Today I'm *so* happy. I never thought that I could be a help for my friend.

Maybe you don't know, that I'm the kind of person who treasures friends. Somehow, I demand myself to be loyal. Therefore, I'm both a loyal person and a loyal friend (and a loyal lover too ^^).

Off course I demand the same loyalty from my friends... I could not tolerate disloyalty, because I believe that loyalty is the one thing, a quality, one must posseses in order for him/her to be considered as a human.

And why am I happy today?

My friend finally solved her problem. The story is quite long, but the short version is...

There is my friend, her ex-boyfriend (let's call him arse) and her ex-boyfriend's ex-girlfriend (I'll call her X). When my friend was still with arse, my friend fought with x. And x actually slapped her. X is a b*tch? I wouldn't say that now, but I use to consider her as a...

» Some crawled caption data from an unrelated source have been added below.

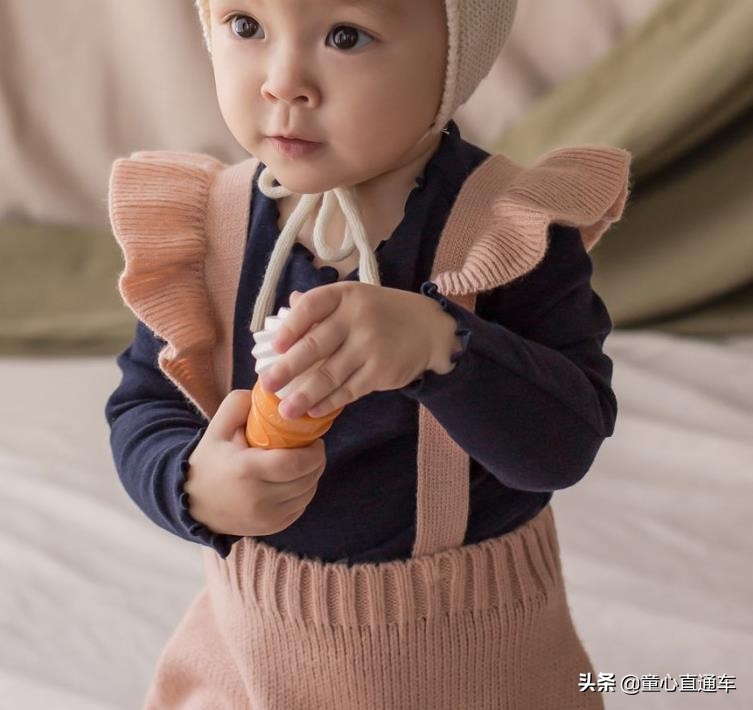 依可爱最新宝宝衫编织,套头衫宝宝0-3岁编织视频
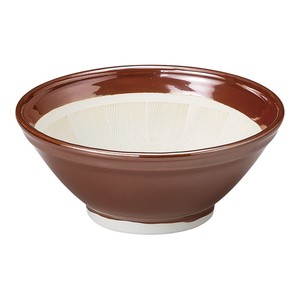 スリ鉢7.0　　【日本製　陶器】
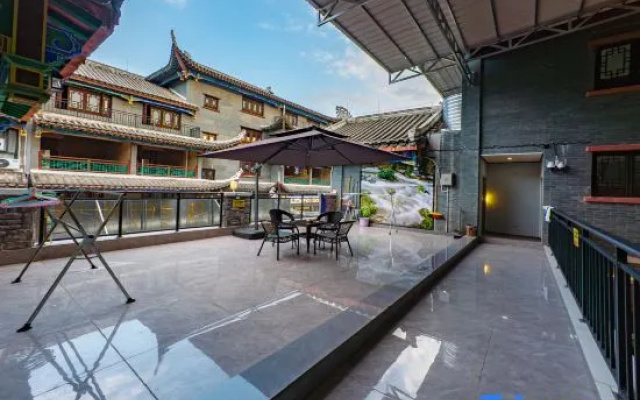 Lishui Qingbo Courtyard Homestay (Libo Ancient Town) – Outside – Qiannan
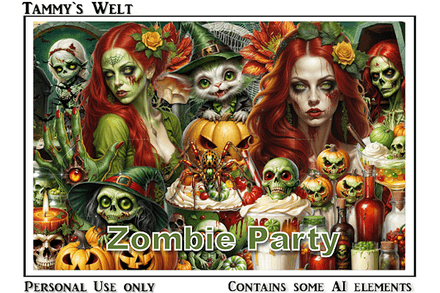 TW-Zombie Party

And then arse ditch my friend and decided to go back with x... my friend was heartbroken, not for long though. Because arse is an arse... he's really an arse...

But later... x ditch arse, appearantly x is tired of him being such an arse...

Yet, both x and my friend's still hating each other. Then, I found out that arse is an arse. After a while, I told my friend that arse is such an arse and all the things he said about x is a lie.

Arse once told my friend that x use to threat him if he dump her. Arse said that x threat him to commit a suicide. When my friend and I heard that, we're like... "Sheesh... this girl must be out of her mind! Psycho b*tch! Get a life!"

It was a LIE!!

X never threatens arse! X is not that kind of person (I found this out from her friend who's a good friend of mine)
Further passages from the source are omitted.